**Instructions to follow**
Word for word, please restate each record and pass over the pictures.

**Available records**
________________________________________

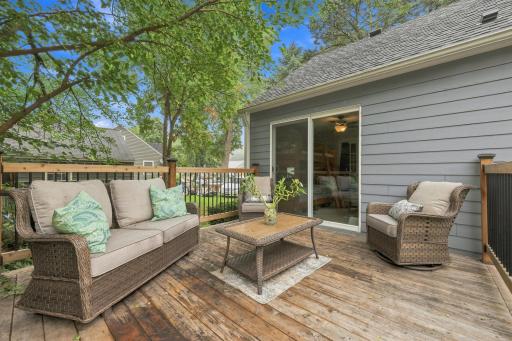 Enjoy peaceful moments and beautiful memories on this inviting deck, surrounded by mature trees and the perfect setting for relaxing or entertaining
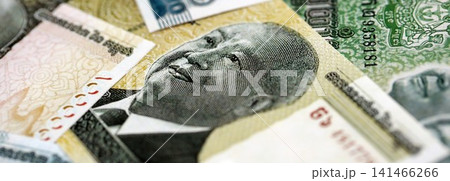 Cambodian riel money bills pile on table. Cambodia banknotes of KHR currency close up 141466266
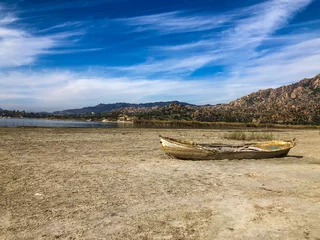 Foto op Canvas Drought lake and old fishing boat. Old boat on the drought lake. Drought concept. Drought crisis because of global warming. Global warming causes climate change. Drought lake due to global warming. © Mete Caner Arican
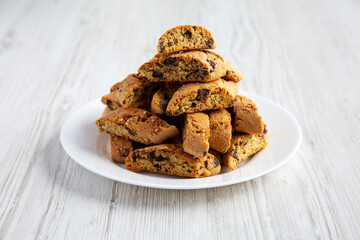 Homemade Italian Cantuccini with Chocolate on a White Plate on a white wooden surface, side view. Crispy Chocolate Cookies.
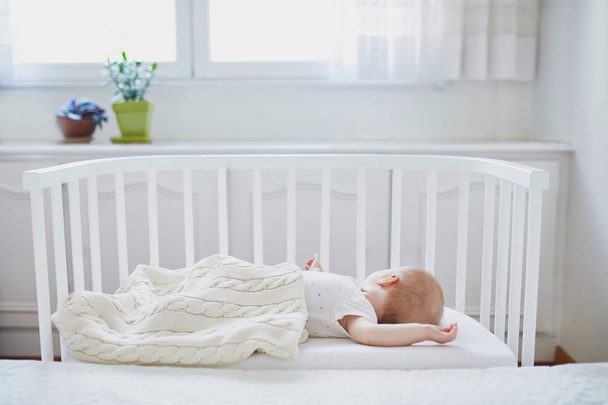 Adorable baby girl sleeping in co-sleeper crib attached to parents' bed. Little child having a day nap in cot. Infant kid in sunny nursery - Photo, Image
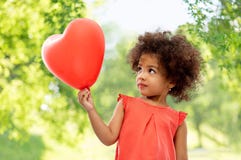 African american girl with heart shaped balloon stock photos African american girl with heart shaped balloon stock photos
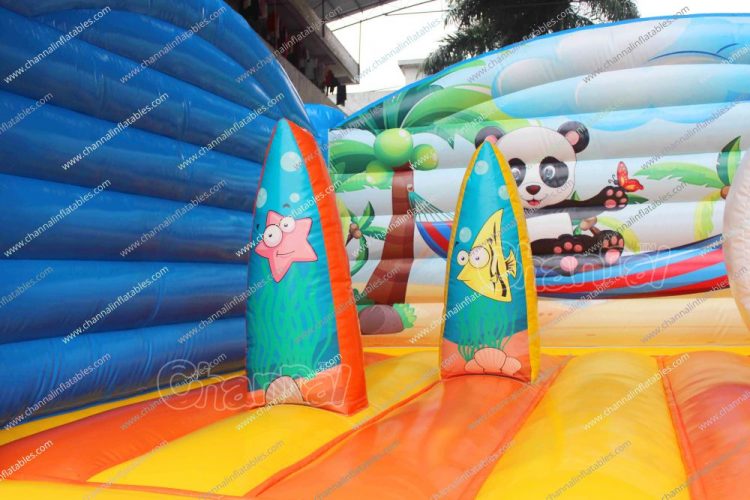 inflatable surfboard obstacle on panda theme jump house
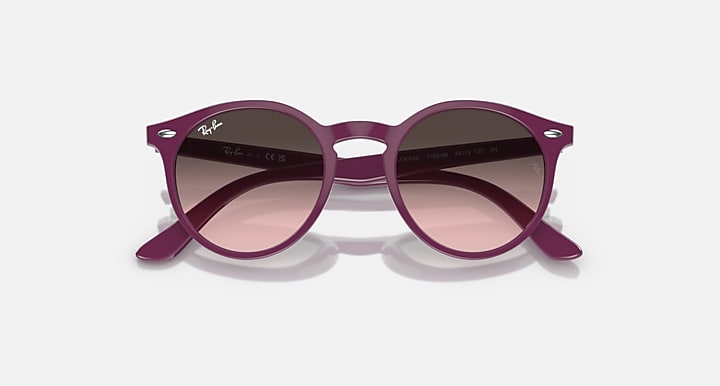 Ray-Ban sunglasses, slightly angled: fuchsia frame with rose gradient lenses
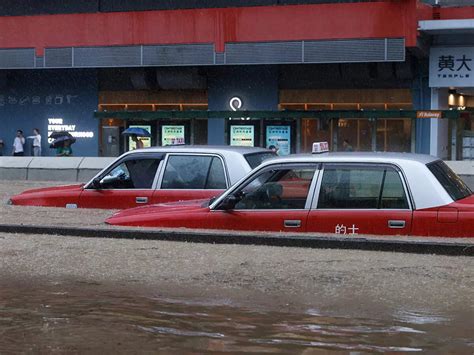 Hong Kong comes to a standstill due to severe flooding following record ...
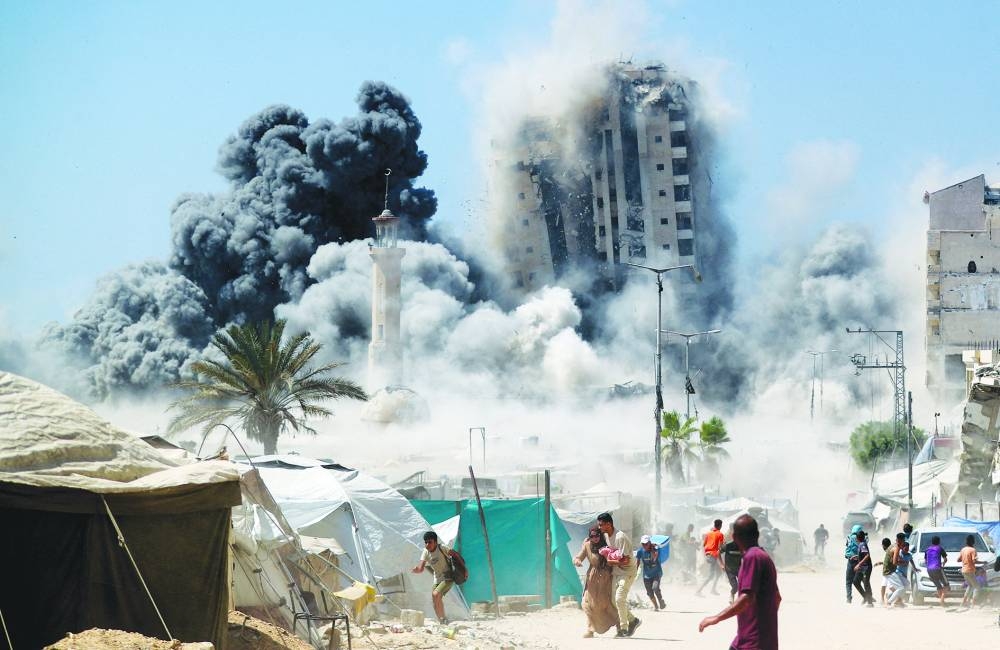 Recent photo shows Palestinians running as the 15-storey Mushtaha Tower collapses after being hit by an Israeli air strike, in Gaza City.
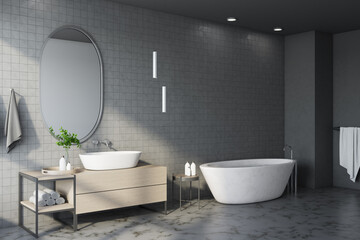 Obraz na płótnie Canvas Freestanding bath with mirror in comfortable gray bathroom interior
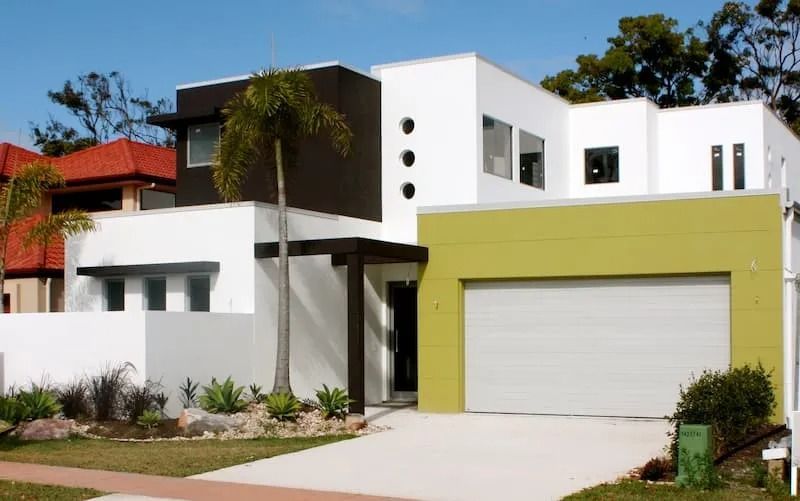 A white house with a gray siding and palm trees in front of it.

________________________________________

**Written answer**
 Enjoy peaceful moments and beautiful memories on this inviting deck, surrounded by mature trees and the perfect setting for relaxing or entertaining
 Cambodian riel money bills pile on table. Cambodia banknotes of KHR currency close up 141466266
 Foto op Canvas Drought lake and old fishing boat. Old boat on the drought lake. Drought concept. Drought crisis because of global warming. Global warming causes climate change. Drought lake due to global warming. © Mete Caner Arican
 Homemade Italian Cantuccini with Chocolate on a White Plate on a white wooden surface, side view. Crispy Chocolate Cookies.
 Adorable baby girl sleeping in co-sleeper crib attached to parents' bed. Little child having a day nap in cot. Infant kid in sunny nursery - Photo, Image
 African american girl with heart shaped balloon stock photos African american girl with heart shaped balloon stock photos
 inflatable surfboard obstacle on panda theme jump house
 Ray-Ban sunglasses, slightly angled: fuchsia frame with rose gradient lenses
 Hong Kong comes to a standstill due to severe flooding following record ...
 Recent photo shows Palestinians running as the 15-storey Mushtaha Tower collapses after being hit by an Israeli air strike, in Gaza City.
 Obraz na płótnie Canvas Freestanding bath with mirror in comfortable gray bathroom interior
 A white house with a gray siding and palm trees in front of it.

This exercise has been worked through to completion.